Although a report released this week found “substantial reason” to believe that Waters may have violated ethics rules, the committee is not due to make public the charges or release the findings of its investigative subcommittee until Congress returns from its summer recess in September. But Waters asked the committee to provide the information now.
“I am confident that once the subcommittee report is released and I am able to present my case, my constituents and all Americans will understand that I have not violated any House rules,” Waters said in a letter to the panel.
She also asked for a hearing before the November election, saying that any delay “violates the fundamental principles of due process, denies my constituents the opportunity to evaluate this case and harms my ability to defend my integrity.”
“I suspect she is thinking that the best defense is a strong offense,” said Kenneth Gross, a Washington ethics lawyer.
In a new twist, House Speaker Nancy Pelosi (D- San Francisco) on Wednesday called House members back to Washington next week to act on $26 billion in aid to states, giving the committee an opportunity to meet sooner.
But it was unclear whether it would. Spokesmen for the committee and its chairwoman, Rep. Zoe Lofgren (D-San Jose), declined to comment.
With Rep. Charles B. Rangel of New York, another prominent Democrat, also facing a high-profile ethics trial, Democrats are eager to get the cases over with as soon as possible before what is shaping up as a tough November election for the party in power.
Unless Waters settles, an eight-member panel of her House colleagues, evenly divided between Democrats and Republicans, will hear the case against her.
It involves OneUnited Bank, which received $12 million in bailout funds three months after Waters — a senior member of the congressional committee that oversees banking — helped arrange a September 2008 meeting between Treasury Department officials and representatives of minority-owned banks. The Office of Congressional Ethics, in referring the matter to the Ethics Committee, said that discussion at the meeting “centered on a single bank — OneUnited.”
Waters’ husband, Sidney Williams, served on the OneUnited board from 2004 to 2008, and at the time of the meeting was a stockholder in the bank, according to the Office of Congressional Ethics.
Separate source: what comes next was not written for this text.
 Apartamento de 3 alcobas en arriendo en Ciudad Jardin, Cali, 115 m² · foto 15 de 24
Waters, who has held elective office in Sacramento or Washington for more than three decades, has defended her efforts as in keeping with her longtime work to promote opportunity for minority-owned businesses and lending in underserved communities such as her South Central Los Angeles district.
Rep. Chaka Fattah (D-Pa.), a fellow Congressional Black Caucus member and a former Ethics Committee member, predicted Waters would be cleared.
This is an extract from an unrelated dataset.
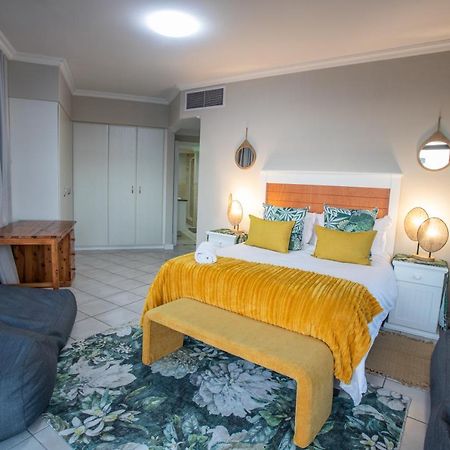 Stay At The Point - Triumphant Tropical Tranquility Durban Exteriör bild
“I don’t think there’s any ‘there’ there,” he told CBS News. “There’s no benefit to her. Treasury says that nothing resulted from the meeting.... She was not in the meeting. It was a meeting called on behalf of all of the nation’s minority-owned banks.”
Rep. Barbara Lee (D-Oakland), head of the Congressional Black Caucus, said the ethics process should be allowed to proceed “without prejudging the outcome.”